The second unexpected opportunity was the chance to be interviewed by Jay Gaulard of IndustryDev.com. He had seen my Twitter feed and asked to interview me.  His website explores web design and development as well photography. I enjoyed being interviewed and if you are interested, you can find the interview here: Interview.

All in all, this has been a month where my usual habits have been broken up, and that is probably a good thing, since I can sometimes get chained to my habits.
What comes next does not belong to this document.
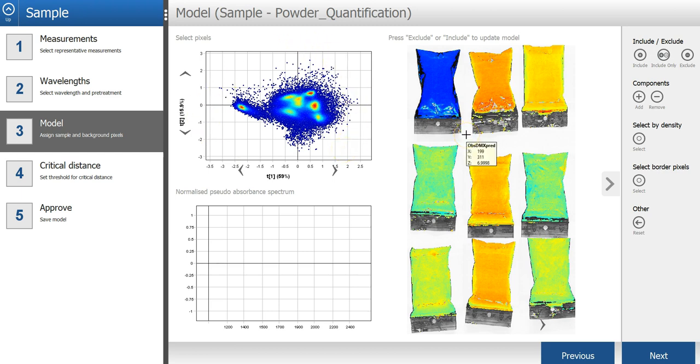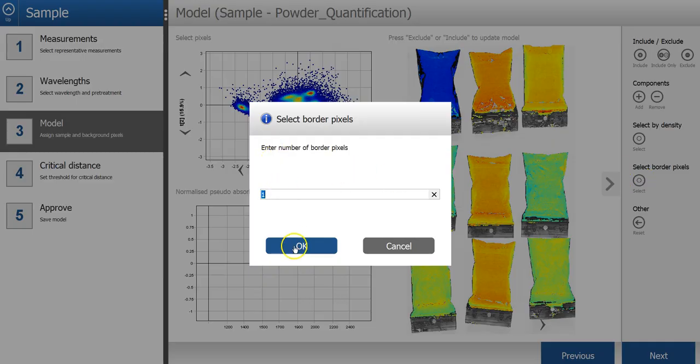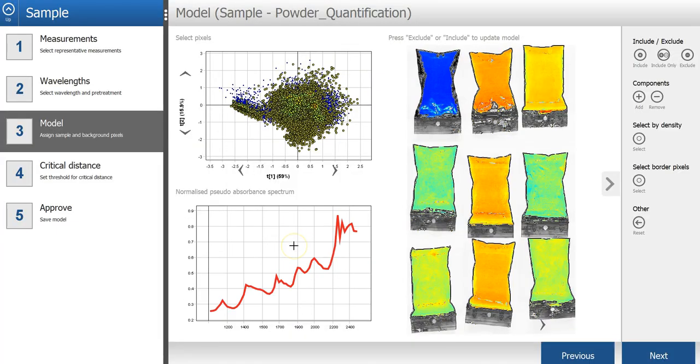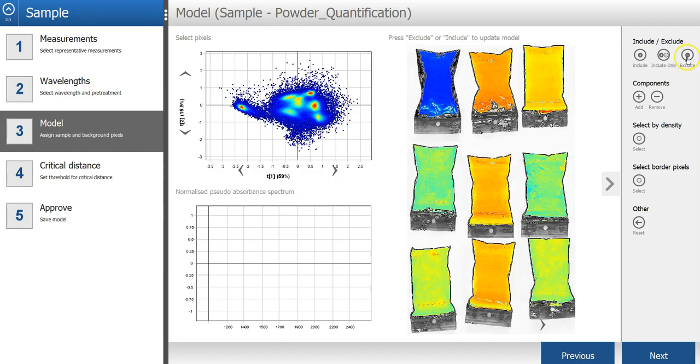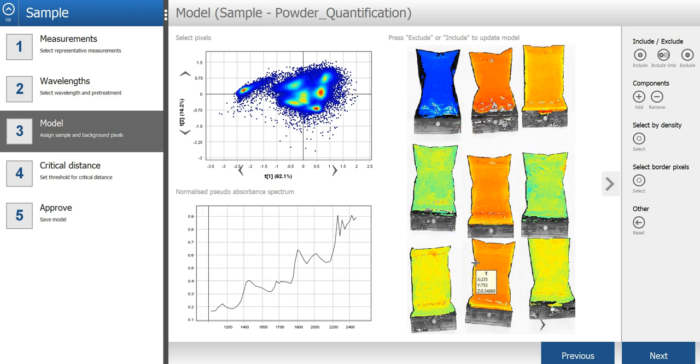To clean up the sample pixels even more, I can remove border pixels. Okay, I think this looks pretty good now. We have only included sample pixels here.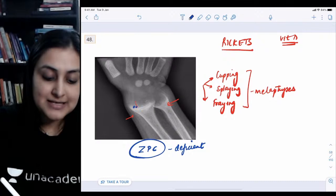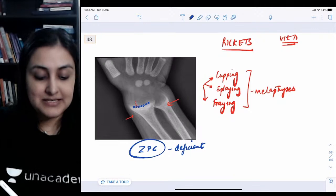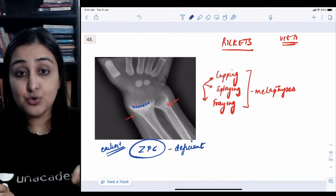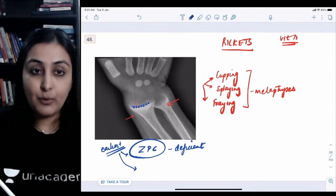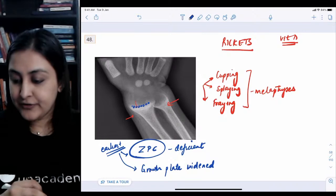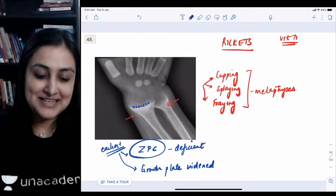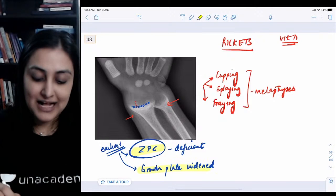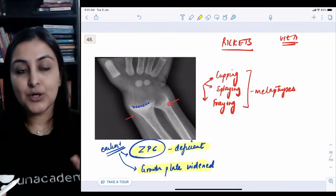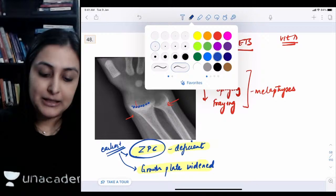Without calcium, osteocytes accumulate at the growth plate, widening it and making it irregular. The earliest changes in rickets are: absence of ZPC, and growth plate widening. Other features include rachitic rosary when costochondral junctions proliferate — these are rounded and non-tender in rickets.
Although I feel a bit “less productive” not sticking to my normal process, the slowdown has given me time to review some past archived raw material and find some gems (maybe I’ll show some in a future post); make time for some much needed exercise; and leave myself open to opportunities, both looked for (artist collective) and unexpected (GNP trip and interview).

Juvenile Peregrine Falcon

Young Raptor – formerly identified as Peregrine, now surmised to be either a Merlin Falcon or a Red Shouldered Hawk juvenile.
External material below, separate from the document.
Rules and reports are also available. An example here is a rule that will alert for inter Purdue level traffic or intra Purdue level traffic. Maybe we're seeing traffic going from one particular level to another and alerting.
I’ll leave you with two unexpected photographic finds: the first is a painted lady butterfly (I hadn’t seen one before and didn’t know they were in my area) and this raptor, either a Merlin Falcon or a juvenile Red Shouldered Hawk.

One evening my dog went to investigate a rustling in the bushes and a bird flew out and perched overhead.  At first I thought it was a crow flying towards me because of its size, but the coloring confused me as did the dark eyes.  My phone app suggested a Peregrine, but a twitter follower of mine didn’t think that was right. After sending the image to the Lane County Audubon society, the helpful members were also unsure except that it’s not a Peregrine. However, whatever it is, it was to me an example of one of life’s treasures that catches you off guard and gives you one of those special moments not to be forgotten.